Fostering market integrity is a key means by which the Commission carries out its three-part mission and instills fairness and confidence in securities markets. The antifraud provisions of the federal securities laws are time-tested, and in this instance, perhaps we could have considered an approach that hewed more closely to those safeguards. Such an alternative approach might mitigate areas of potential confusion, allowing the security-based swaps market to continue serving its important risk management function that benefits both issuers and investors.
I also have concerns about proposed Rule 10B-1 regarding public large position reporting. The release explains that the goals of public reporting are: (1) providing information about the build-up of large positions that could be indicative of potentially fraudulent or manipulative purposes; (2) flagging the existence of concentrated positions, which may not be known to all counterparties; and (3) providing advance notice of a potential manufactured credit event or other opportunistic strategy. Unfortunately, it is not clear that the large amount of information to be reported will be effective for achieving these goals.
At this time, we are unable to determine what types of entities will ultimately be obligated to publicly report as large traders. Thus, we cannot be sure that these entities are the ones that may be engaging in activities that the proposed rule seeks to address. Nor is it readily apparent that the information to be reported will necessarily be helpful in shining a light on these activities. I question seeking public comment on a proposal that provides for public reporting of a significant amount of information on positions in both swaps and underlying or related securities, involves complex threshold calculations (particularly for equity security-based swaps), and imposes a one-day reporting timeframe, without having a better sense of whether our proposed approach is fit for this purpose.
Last month, dealers began reporting their security-based swaps trades under Regulation SBSR.[3] Today’s release states that we will evaluate this new data in considering changes to the reporting thresholds upon adopting any final rule. I believe the more prudent approach would be to analyze this new data in the first instance and use that analysis to inform our proposal. Such an approach would put us in a position to craft a rule that we are confident is calibrated to achieve its stated goals and also enable commenters to respond to the data and help further inform us. Unfortunately, our staff has not been able to take that additional time to use the new information and tools at our disposal to inform this policymaking. Hopefully, commenters will nonetheless be able to evaluate the bases for the proposed thresholds and provide relevant information that can assist us in closing some of the many data gaps.

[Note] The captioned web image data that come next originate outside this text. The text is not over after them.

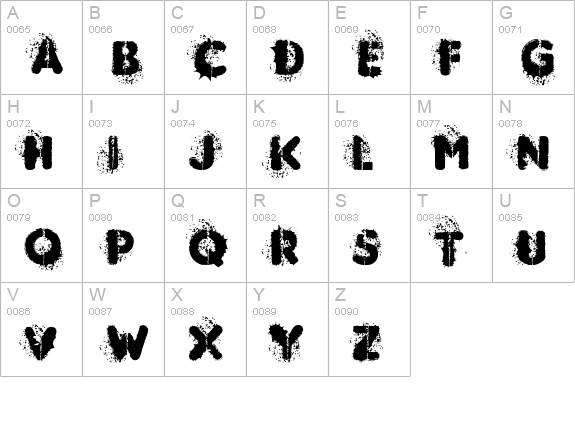 MUDSHAKE 83 uppercase A-Z preview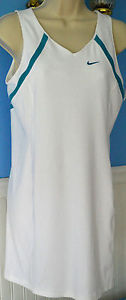 WOMENS NIKE TENNIS DRESS V-NECK White Teal GOLF Size Small (4-6) FIT DRY New 30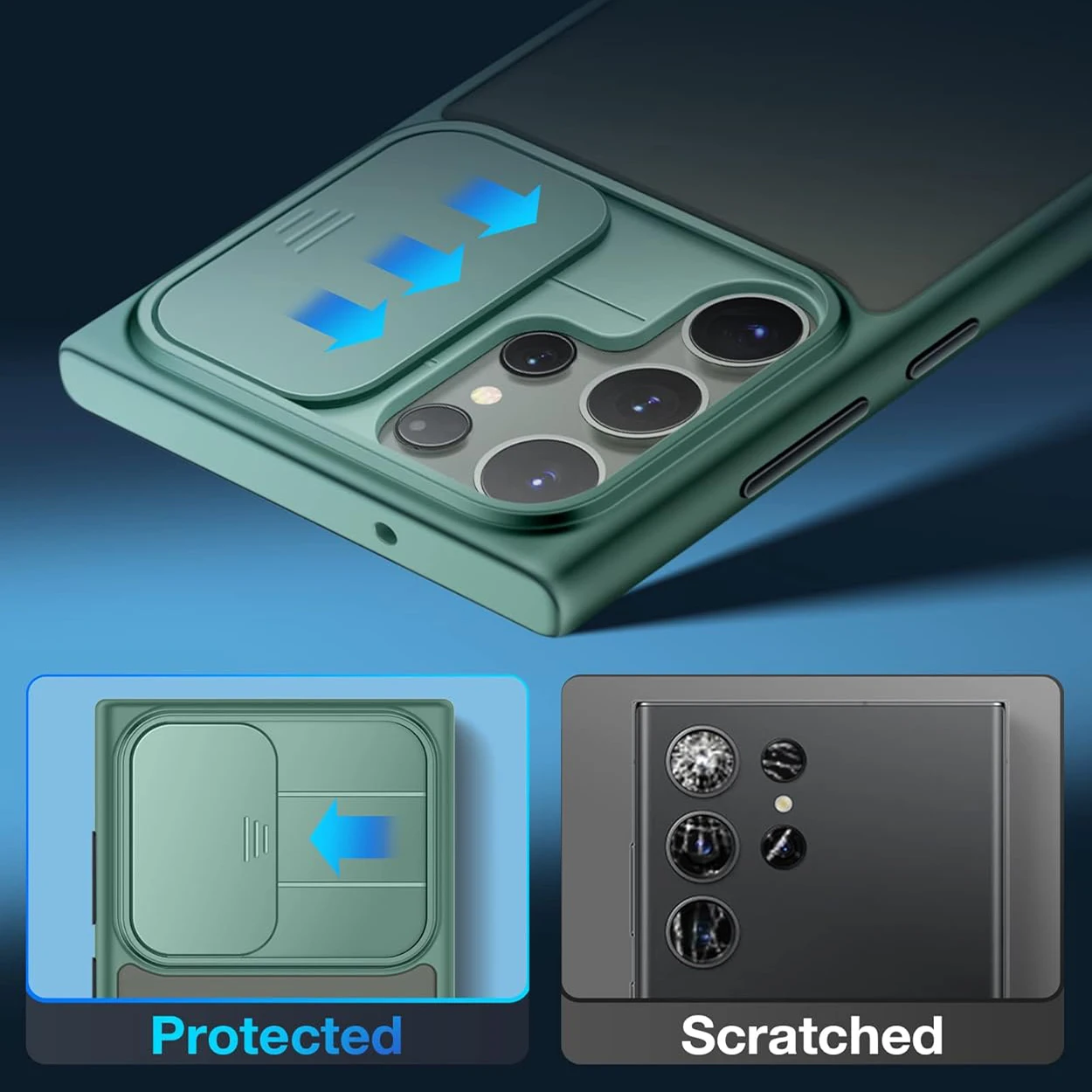 For Samsung Galaxy S23 Ultra Phone Case accessories with Slide Camera Cover Shockproof Protection Slim Translucent Matte Back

Lastly, as with the other matters we have considered today, I am troubled by the decision to provide a comment period that is only 45 days long. The comment period for this proposal runs not only over several holidays, but is also concurrent with five other rule proposals that have open comment periods,[4] not including the four additional rules we are considering at today’s meeting.[5] Public feedback on Commission rule proposals is a critical part of the rulemaking process. I am not sure we are providing enough time to adequately review and provide meaningful comment on this proposal or the others under consideration today.
So, I thank the team again for all their work on this recommendation, but I respectfully dissent.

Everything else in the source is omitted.